When it comes to IT operations, multitasking seems to be a prerequisite. Quite often it's even written into the job posting. However, research is revealing that multitasking may do more damage than good.
Between the time-driven customer responses, the growing demands for technology projects from the business, 99.999 up-time guarantees for the system, and a multitude of maintenance needs for the entire environment, your in-house IT resources have their days filled with continual distractions. It's understandable that IT leadership is on a lookout for women and men in capes with a big "M" for Multitasking emblazoned across their shirts. But it turns out, these multitasking superheroes may not really exist.
Workplace evidence, cognitive studies and our personal anecdotes, at best case, point towards multitasking being a myth, and at worst, show that multitasking affect our health and professional lives in some negative ways.
This conclusion is highlighted by the following five reasons:
A cognitive study by the University of Utah found only 2% of the population can multitask effectively. The rest of us are not very effective. However, more than 50% of the population believe they are very effective.
Several studies have found Multitasking (primarily task switching) can be 40% less productive then batching similar tasks. Similar to a machine there are time and costs to change over from one task to another.
The error rate for someone performing many tasks in a task switching environment compared to one with much fewer switches is much higher. Task switching especially when it may not be planned such as in IT support are disruptive and errors are higher in a disruptive environment.

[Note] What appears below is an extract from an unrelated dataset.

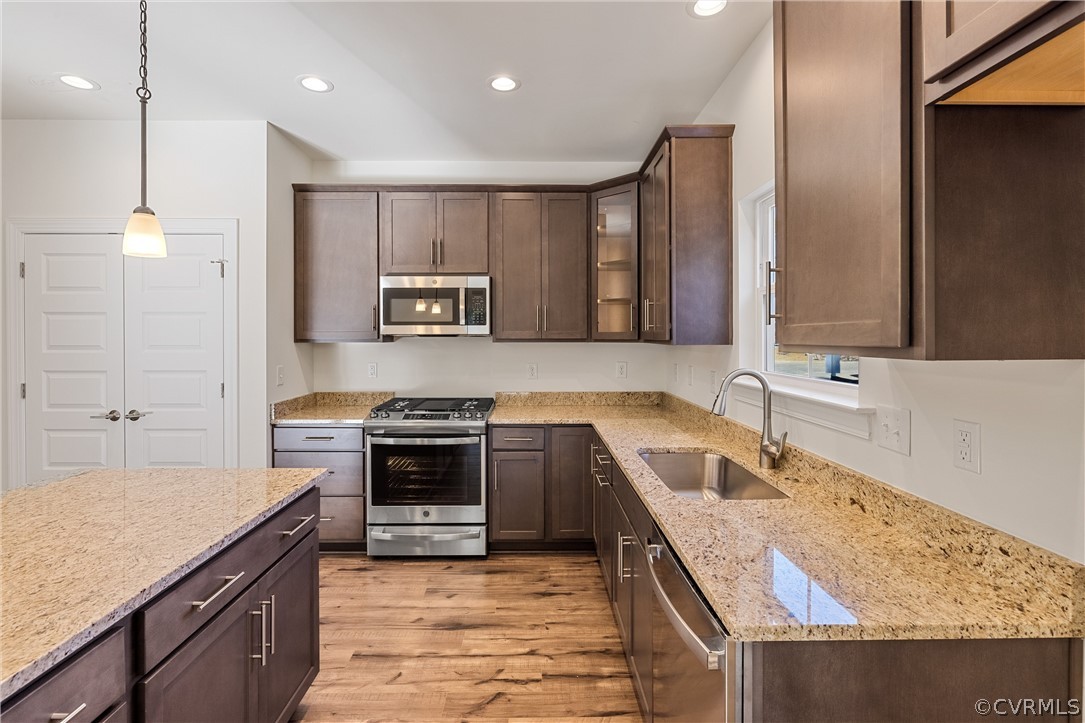 1706 Mainsail Lane Chester, VA 23836 - Photo 6 of 28 a kitchen with stainless steel appliances granite countertop a sink and stove top oven with wooden floor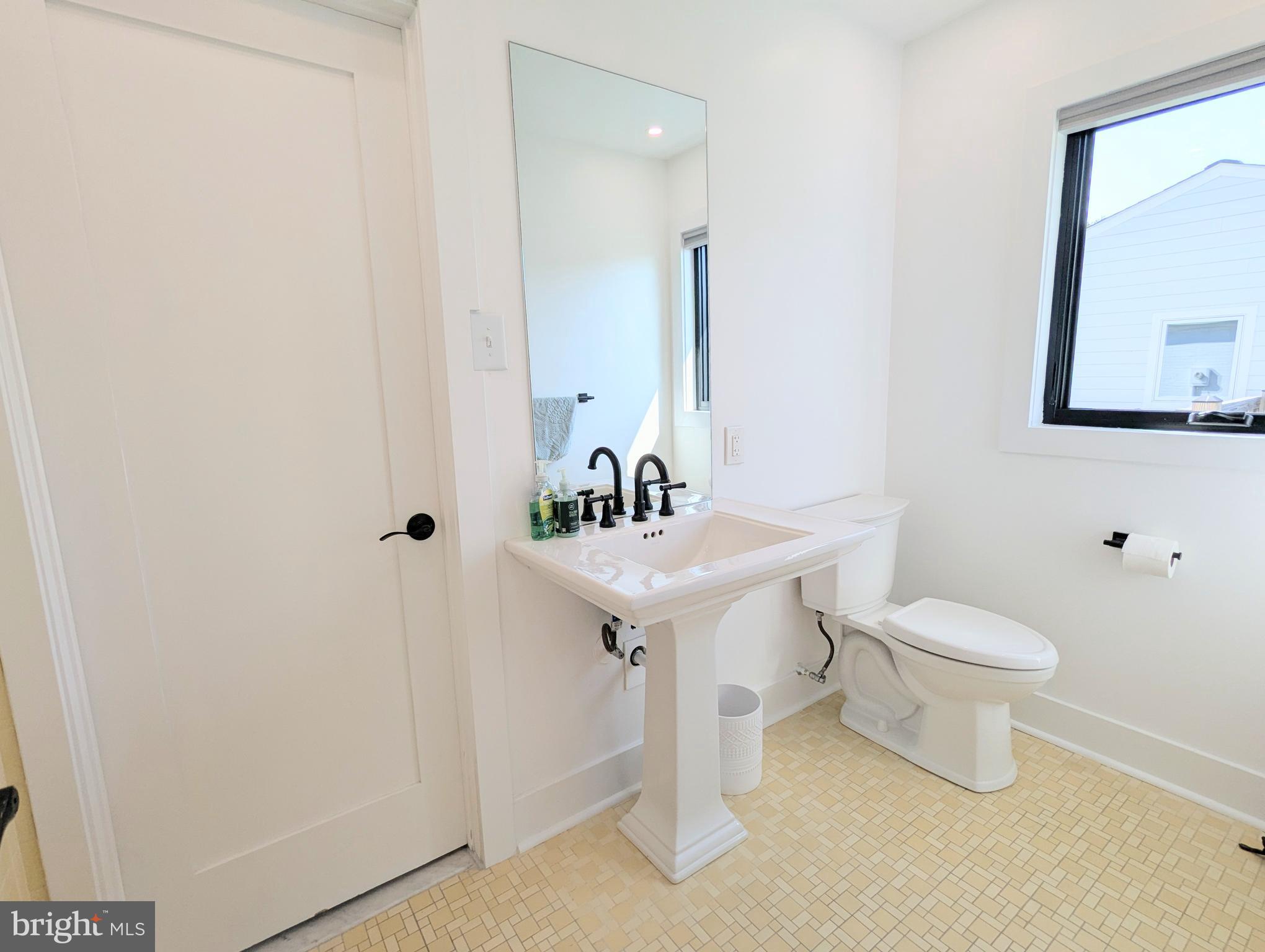 504 Main Street Stevensville, MD 21666 - Photo 24 of 30 a bathroom with a sink toilet and a mirror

In a study of two groups performing the same tasks with and without task switching the heart rate was higher among the task switching group. The constant switching can provide a feeling of lack of control and lack of accomplishment. Both can be stressful.
If the first 4 reasons alone don't make you unhappy then you may be someone prone to crave multi-tasking. You may value being busy over being productive. You may believe you are part of the 2 %. Or you may have trouble focusing, so you welcome distractions to get out of having to focus. Bottom line, you probably still fall prey to being less productive then you can be and creating a less healthy work environment for you or your team.